Seasonal icon that is deer to our hearts

THE robin is the bird most associated with the Christmas season and, I suppose, if you had to pick a mammal you’d have to go for the reindeer.

Reindeer, of course, aren’t found wild in Ireland – but this wasn’t always the case.

At one time large herds of this medium-sized deer roamed our countryside. The experts don’t agree on when they became extinct. Some sources suggest they survived into historical times but it seems a lot more likely that they died out some time before this, possibly 8000 to 9000 years ago as a result of the warmer climate that followed the end of the last Ice Age.

They are an animal of the tundra and sparse woodlands of the far north and are found all around the Pole. In Canada and Alaska they are called caribou, but they’re all the one species.

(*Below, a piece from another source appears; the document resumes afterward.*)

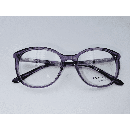 Lunettes de vue mixte PAUL & JOE AZURE 21 LI67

In addition to wild populations of reindeer, there are also introduced herds on a number of Antarctic islands, in Iceland and a small herd of 50-60 animals ranging freely in Scotland’s Cairngorm Mountains.

I haven’t been able to track down any reindeer currently living in Ireland. At one time they kept a couple in Dublin Zoo, but this no longer seems to be the case. There are quite a few in Britain where they’re used in Christmas celebrations and as attractions on pet farms. But they’re actually very difficult animals to keep in captivity and animal welfare groups have raised concerns about the number of British animals becoming sick or dying.

The difficulties arise because reindeer are sociable animals, used to living in large herds. Even in cultures that have a long history of dependence on reindeer, such as the Saami in Lappland and a number of ethnic groups across northern Siberia, full domestication has never occurred.

It seems that no one has ever managed to breed reindeer in captivity. They must return to a free-ranging herd in order to mate successfully. Young animals can then be captured and tamed. In eastern Siberia, where the local sub-species is quite large, people ride them like horses. The smaller reindeer of northern Europe are used to pull sleighs or other vehicles. They also provide milk, meat, hides and horn.

One of the peculiar things about reindeer is that they are the only deer species in which both males and females carry antlers, though the males usually have larger ones. Males normally shed their antlers in the winter but females retain theirs until the early summer. This means that Santa’s reindeer team must be all female, despite their rather male-sounding names.

Reindeer also have disproportionately large hooves. This is partly an adaptation to allow them to travel at speed in soft snow when they’re escaping predators like wolves or engaging in the very long migrations made by some populations. But they also use these hooves as shovels to dig down through snow to find food. In winter the more northerly herds live almost exclusively on lichens which they uncover in this way.

As for their flying abilities, there’s a theory about this too. Apparently they have a passion for eating a fungus called the fly agaric (it’s not a coincidence that this fungus is red with white blotches). Fly agaric is hallucinogenic and I’m told that one of its common effects is to give the person who eats it the illusion of being airborne.